The more likely scenario is that the designated team leader sends out an email blast at 4:00am to notify his email distribution list that the latest patch session has gone well – and any remaining unpatched systems will receive their patches manually tonight.
Patching is a necessary evil, and if you have a good system for applying patches, patch night goes well most of the time. There are always a few stubborn systems that don’t come back up correctly or completely after a reboot, and there are those that won’t accept a particular patch. Some systems have to be coddled through patch night like a newborn baby during its periodic feedings, and some systems are needier than others. You get used to it.
It’s a Numbers Game
If you have a few systems, you can patch manually or use the operating system’s built-in tools for patch management. On Linux systems, you can use Debian’s apt-get , Red Hat’s yum , or SUSE’s YaST. Windows systems have Windows Update, and Apple has its own Mac OS software update service. Commercial Unix systems generally receive a quarterly patch bundle or individual security updates by manual download and install.

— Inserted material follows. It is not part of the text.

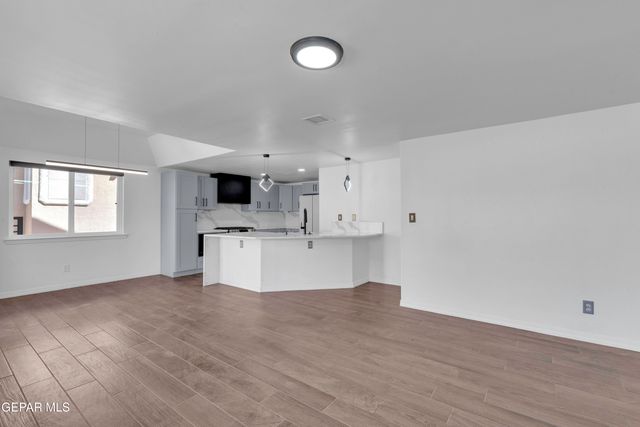 6341 Cougar Ridge Lane, El Paso, TX 79912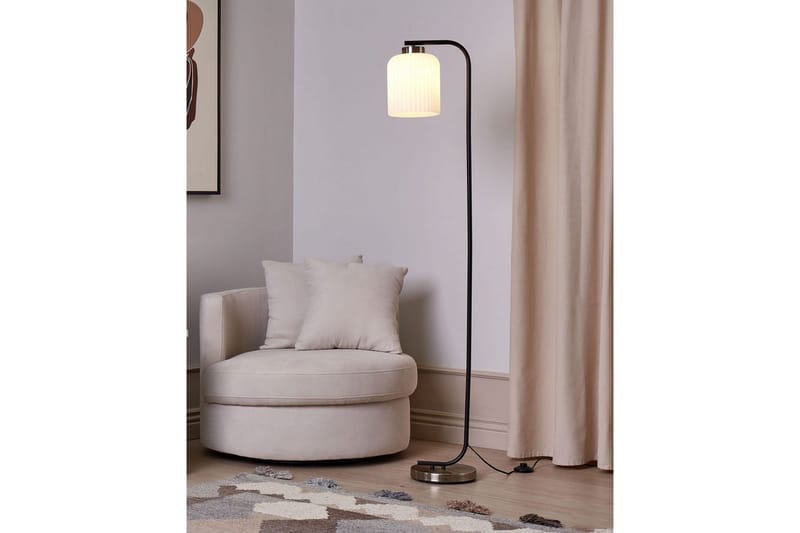 Skyrla Golvlampa 150 cm - Svart/Vit - Belysning & el - Inomhusbelysning & lampor - Sovrumslampa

But, for more than two dozen or so systems, patching becomes a daunting task and certainly one for which you need a good plan. A good plan includes a patch schedule, a manual patch option, and a pre-patch test environment. The pre-patch test environment allows you to apply patches to systems that are similar to the production system but are used for test or development purposes. If these systems fail, you don’t take a production system out, and you can decide to postpone or remove an errant patch.
A great plan also has some third-party management software and automation built into it. Automation does not mean allowing your systems to update themselves automatically via their vendor sites or repositories. Automation means applying patches to groups of systems using a patch management suite. Automated patching usually will net a greater than 90 percent success rate and often approach 100 percent. Chances are very good, however, that you will never achieve 100 percent patch compliance with an automated system.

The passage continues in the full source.